There are other ways to obtain worthy diplomas, and for far less than $60,000 per year.  How about a state university?  UMass (which offers an excellent honors program) charges less than $6,000, exclusive of room and board, to state residents who perform well on the Massachusetts Comprehensive Assessment System exam.  (Compare that with an average Ivy League annual tuition rate of $45,000.)  Students may also save a great deal of money by living at home and attending a community college for two years before transferring to a pricier, higher-ranking school.

Or why not go abroad?  Canadian and British schools are much cheaper, as are American-style, English-speaking colleges in the Netherlands.  Better still, in Western Europe most higher education is free, but you have to speak the language.  Barcelona is the Mecca for Spanish-speaking students.  For a French speaker, Paris is a magnet, though lodging is expensive.

But the choice is difficult, notably because it requires true motivation to become an anonymous student in a big university, particularly a foreign one, where students are presumed to be mature enough to fend for themselves.

After studying for two-and-a-half years at Smith College, I transferred to the Sorbonne in Paris, where I spent over six years, terminating with a grueling competitive exam.  The quality of lectures at the Sorbonne ranged from dismaying to dazzling.  I also discovered the French excelled in numerous academic domains, such as expository writing and textual analysis.  But, students be warned: You won’t be pampered.  The typical French professor won’t learn your name until you sign up to write a master’s thesis with him, and then you probably won’t receive any further advice until you are about to defend it.  Other common student frustrations include queuing for hours to settle administrative difficulties, only to be reprimanded for being in the wrong line, in the wrong office, even in the wrong building, or standing in line at the university library to borrow a book, only to be told it is “unavailable” indefinitely.

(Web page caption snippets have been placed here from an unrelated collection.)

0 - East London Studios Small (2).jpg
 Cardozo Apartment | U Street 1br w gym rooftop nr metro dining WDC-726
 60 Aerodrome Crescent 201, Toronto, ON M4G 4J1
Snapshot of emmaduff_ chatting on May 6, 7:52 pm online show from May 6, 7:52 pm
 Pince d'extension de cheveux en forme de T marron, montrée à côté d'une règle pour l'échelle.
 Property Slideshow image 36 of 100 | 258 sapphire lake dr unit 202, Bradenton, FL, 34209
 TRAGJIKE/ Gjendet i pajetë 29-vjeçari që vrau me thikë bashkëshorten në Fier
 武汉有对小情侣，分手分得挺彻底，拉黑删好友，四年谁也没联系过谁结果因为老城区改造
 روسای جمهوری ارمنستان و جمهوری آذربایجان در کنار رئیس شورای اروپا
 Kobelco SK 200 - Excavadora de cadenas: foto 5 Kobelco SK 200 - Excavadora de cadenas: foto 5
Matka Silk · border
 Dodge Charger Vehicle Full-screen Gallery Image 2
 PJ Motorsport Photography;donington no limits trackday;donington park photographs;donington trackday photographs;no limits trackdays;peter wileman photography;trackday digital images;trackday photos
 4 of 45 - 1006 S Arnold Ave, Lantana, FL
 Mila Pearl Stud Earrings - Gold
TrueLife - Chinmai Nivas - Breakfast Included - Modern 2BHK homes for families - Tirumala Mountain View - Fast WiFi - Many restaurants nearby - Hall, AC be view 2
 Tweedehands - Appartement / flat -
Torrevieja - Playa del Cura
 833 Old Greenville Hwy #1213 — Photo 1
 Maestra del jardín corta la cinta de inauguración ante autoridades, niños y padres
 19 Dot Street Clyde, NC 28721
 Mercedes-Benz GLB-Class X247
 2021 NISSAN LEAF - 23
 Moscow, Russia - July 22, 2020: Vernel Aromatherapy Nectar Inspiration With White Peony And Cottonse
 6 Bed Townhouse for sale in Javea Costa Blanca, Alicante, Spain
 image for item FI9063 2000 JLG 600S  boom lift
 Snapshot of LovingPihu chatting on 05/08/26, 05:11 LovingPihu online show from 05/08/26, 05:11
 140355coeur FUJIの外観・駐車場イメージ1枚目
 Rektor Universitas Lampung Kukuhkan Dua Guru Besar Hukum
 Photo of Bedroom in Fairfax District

Some years later my French husband and I sent our younger daughter to Smith to explore various fields before choosing a career, while her sister remained at home at the Sorbonne.  And now our daughter’s daughter is attending Smith, the fifth generation to do so.  So I am in a position to judge the two types of higher education in prestigious schools: a select private residential college on a garden campus in the states, versus a huge free public university in the midst of the capital city of France.  I had two unforgettable professors at the Sorbonne, and, paradoxically, I learned more about English literature there than I would have learned anywhere in the states.  On the other hand, the cozy atmosphere was far more conducive to learning at Smith, where I also had one fascinating art history professor whose classroom was packed to the icy windowpanes with eager auditors.  At small, private colleges, professors not only know their students, but advise and encourage them individually.

There are good teachers and poor ones at nearly every college, so the choice is not so much between a good school and a bad one as between a cozy, expensive education in a small, private college and an inexpensive education in a large university where students must be entirely self-reliant and the environment is harsher.  While struggling to complete my studies at the Sorbonne, I missed the comfort of Smith’s spoon-fed education every day.  I also learned the truth of the old saw, you get what you pay for.

I used to be a staunch supporter of residential liberal-arts colleges, but now I am beginning to think their diplomas are not worth the outlandish price tag, which amounts to the cost of a house.  The middle class cannot afford such luxury.  As one student at Smith put it, “My parents are too rich to request financial aid, but too poor to pay for my studies.”  And what will have been achieved when the middle class is entirely excluded from such colleges in the name of diversity?